Las sociedades no sienten que los gobiernos, realmente, representan sus intereses y valores. Creen que los políticos son bandas de tipos corruptos que llegan al poder para enriquecerse ilegalmente. No perciben a las instituciones públicas como entidades libremente segregadas para cumplir y hacer cumplir las leyes, sino que las ven como guaridas para preservar los privilegios de los que mandan. En casi todos los países tienen la peor opinión de los parlamentos, del sistema judicial y de las fuerzas de orden público.
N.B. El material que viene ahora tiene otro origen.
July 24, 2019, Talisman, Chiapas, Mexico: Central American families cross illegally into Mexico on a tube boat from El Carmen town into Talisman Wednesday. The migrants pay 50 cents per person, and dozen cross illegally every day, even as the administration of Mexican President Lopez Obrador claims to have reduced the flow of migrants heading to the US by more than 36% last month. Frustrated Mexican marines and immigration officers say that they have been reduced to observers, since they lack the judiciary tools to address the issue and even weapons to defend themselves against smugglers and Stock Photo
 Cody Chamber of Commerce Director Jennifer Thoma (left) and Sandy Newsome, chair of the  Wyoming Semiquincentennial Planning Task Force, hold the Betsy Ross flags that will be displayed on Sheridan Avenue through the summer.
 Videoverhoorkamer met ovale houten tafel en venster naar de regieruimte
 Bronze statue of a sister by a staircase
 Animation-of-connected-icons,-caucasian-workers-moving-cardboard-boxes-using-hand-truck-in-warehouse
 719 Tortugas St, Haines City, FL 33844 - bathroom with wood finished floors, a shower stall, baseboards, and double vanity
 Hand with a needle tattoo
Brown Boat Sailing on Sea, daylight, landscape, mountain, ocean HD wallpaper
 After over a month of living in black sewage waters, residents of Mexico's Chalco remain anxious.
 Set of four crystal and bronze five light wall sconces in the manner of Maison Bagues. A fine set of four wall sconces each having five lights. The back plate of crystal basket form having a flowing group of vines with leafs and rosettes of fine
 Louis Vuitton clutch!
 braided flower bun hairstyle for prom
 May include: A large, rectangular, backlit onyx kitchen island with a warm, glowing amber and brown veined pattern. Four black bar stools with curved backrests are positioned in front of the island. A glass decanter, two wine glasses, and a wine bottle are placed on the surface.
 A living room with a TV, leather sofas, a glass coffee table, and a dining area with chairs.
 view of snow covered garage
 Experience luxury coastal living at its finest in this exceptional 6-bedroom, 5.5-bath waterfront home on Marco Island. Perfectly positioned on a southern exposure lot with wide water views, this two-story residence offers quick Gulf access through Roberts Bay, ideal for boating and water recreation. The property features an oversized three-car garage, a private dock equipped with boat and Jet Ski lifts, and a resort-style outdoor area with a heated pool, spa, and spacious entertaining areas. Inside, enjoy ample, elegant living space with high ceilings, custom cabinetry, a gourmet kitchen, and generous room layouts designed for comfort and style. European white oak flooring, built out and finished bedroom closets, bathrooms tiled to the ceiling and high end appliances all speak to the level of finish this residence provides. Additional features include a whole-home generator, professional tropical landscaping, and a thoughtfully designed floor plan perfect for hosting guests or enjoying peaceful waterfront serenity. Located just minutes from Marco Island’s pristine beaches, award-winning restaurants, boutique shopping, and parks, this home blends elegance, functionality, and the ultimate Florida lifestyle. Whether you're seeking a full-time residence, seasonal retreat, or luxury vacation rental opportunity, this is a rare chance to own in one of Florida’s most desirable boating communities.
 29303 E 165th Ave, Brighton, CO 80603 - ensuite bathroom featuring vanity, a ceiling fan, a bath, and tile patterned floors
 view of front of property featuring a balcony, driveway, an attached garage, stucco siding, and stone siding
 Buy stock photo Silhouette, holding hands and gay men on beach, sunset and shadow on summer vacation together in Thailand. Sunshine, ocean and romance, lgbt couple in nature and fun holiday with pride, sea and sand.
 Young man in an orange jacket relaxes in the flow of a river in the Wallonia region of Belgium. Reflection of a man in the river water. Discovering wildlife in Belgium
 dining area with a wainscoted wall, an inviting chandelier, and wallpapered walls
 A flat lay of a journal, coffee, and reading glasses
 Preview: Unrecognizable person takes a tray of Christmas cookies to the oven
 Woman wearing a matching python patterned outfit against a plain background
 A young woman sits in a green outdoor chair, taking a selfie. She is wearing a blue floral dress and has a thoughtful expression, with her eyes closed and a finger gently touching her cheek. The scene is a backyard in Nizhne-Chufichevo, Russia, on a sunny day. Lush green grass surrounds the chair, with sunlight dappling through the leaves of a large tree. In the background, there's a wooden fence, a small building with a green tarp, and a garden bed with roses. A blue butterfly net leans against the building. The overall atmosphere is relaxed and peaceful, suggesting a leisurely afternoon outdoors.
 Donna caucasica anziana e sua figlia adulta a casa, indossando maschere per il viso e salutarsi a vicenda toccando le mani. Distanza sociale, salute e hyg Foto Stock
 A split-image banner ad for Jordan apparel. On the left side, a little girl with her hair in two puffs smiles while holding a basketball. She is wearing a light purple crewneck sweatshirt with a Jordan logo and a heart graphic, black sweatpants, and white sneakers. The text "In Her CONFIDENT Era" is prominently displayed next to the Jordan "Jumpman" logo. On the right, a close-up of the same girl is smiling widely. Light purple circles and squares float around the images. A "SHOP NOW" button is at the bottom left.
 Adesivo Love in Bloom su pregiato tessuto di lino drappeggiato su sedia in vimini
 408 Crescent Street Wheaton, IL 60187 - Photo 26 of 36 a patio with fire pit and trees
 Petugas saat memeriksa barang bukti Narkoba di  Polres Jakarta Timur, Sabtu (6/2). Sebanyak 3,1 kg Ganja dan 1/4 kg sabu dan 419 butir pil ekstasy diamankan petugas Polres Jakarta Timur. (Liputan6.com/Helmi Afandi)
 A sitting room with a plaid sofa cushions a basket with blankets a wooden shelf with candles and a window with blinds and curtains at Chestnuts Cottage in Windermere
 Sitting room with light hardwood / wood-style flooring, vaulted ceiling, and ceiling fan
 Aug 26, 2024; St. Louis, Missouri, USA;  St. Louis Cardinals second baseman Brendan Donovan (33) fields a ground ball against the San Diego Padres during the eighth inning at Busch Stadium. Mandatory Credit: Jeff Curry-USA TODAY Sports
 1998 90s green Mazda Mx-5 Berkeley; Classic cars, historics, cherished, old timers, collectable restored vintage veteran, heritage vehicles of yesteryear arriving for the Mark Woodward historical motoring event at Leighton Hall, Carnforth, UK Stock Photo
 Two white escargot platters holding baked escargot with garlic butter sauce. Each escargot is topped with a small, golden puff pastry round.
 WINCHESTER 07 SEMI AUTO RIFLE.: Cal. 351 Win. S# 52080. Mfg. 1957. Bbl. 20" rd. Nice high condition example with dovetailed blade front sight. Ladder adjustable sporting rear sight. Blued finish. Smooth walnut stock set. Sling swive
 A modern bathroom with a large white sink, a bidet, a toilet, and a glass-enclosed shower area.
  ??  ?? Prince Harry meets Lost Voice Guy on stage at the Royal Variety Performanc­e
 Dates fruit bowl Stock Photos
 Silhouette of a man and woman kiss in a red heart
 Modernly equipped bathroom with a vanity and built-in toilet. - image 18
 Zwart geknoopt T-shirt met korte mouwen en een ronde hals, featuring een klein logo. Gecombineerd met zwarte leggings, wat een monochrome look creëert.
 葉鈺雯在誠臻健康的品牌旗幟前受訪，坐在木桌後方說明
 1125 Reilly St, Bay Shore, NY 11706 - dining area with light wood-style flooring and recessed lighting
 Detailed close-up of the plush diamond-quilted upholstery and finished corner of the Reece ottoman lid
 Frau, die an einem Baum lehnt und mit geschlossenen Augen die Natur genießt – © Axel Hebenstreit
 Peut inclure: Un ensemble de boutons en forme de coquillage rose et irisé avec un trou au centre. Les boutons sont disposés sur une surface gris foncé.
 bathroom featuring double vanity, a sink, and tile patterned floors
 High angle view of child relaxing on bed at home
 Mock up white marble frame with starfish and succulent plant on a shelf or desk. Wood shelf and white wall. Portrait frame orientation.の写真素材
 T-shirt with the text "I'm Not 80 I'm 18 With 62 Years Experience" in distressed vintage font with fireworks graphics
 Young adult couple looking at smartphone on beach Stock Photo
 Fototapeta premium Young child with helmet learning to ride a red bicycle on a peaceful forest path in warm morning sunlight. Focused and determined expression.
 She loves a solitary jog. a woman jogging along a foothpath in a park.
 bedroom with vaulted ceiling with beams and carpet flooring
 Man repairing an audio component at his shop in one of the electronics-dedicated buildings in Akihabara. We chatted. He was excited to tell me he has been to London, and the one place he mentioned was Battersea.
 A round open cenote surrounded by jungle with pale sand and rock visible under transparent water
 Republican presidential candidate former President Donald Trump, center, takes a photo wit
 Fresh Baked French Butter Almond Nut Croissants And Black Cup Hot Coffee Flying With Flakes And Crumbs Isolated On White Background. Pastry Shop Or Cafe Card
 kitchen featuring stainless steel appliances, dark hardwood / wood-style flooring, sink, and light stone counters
En casi todos, probablemente con razón, desconfían mortalmente de la presidencia.
Esta situación es gravísima y explica por qué la estabilidad democrática pende de un hilo en nuestros países. Cuando se deja de creer en el modelo político en el que vivimos, le abrimos la puerta a la absurda creencia de que un grupo de revolucionarios bien intencionados, generalmente dirigidos por un caudillo carismático, pondrá orden e impondrá la justicia en nuestras fallidas sociedades.
Fue así como los cubanos le dimos la bienvenida a Fidel Castro en 1959 y los venezolanos, de otra manera, a Hugo Chávez en 1999. Esa es la historia de Perón, de Fujimori tras el autogolpe del 92, y de todos los hombres fuertes recibidos con una salva de aplausos en nuestros vapuleados países.
¿Tiene arreglo este desencuentro entre la sociedad y el Estado? A mi juicio, este devastador problema comenzaría a encontrar alivio si se cambian las funciones de la presidencia y se le asigna a la cabeza del Estado la responsabilidad de representar a la sociedad frente al comportamiento del gobierno.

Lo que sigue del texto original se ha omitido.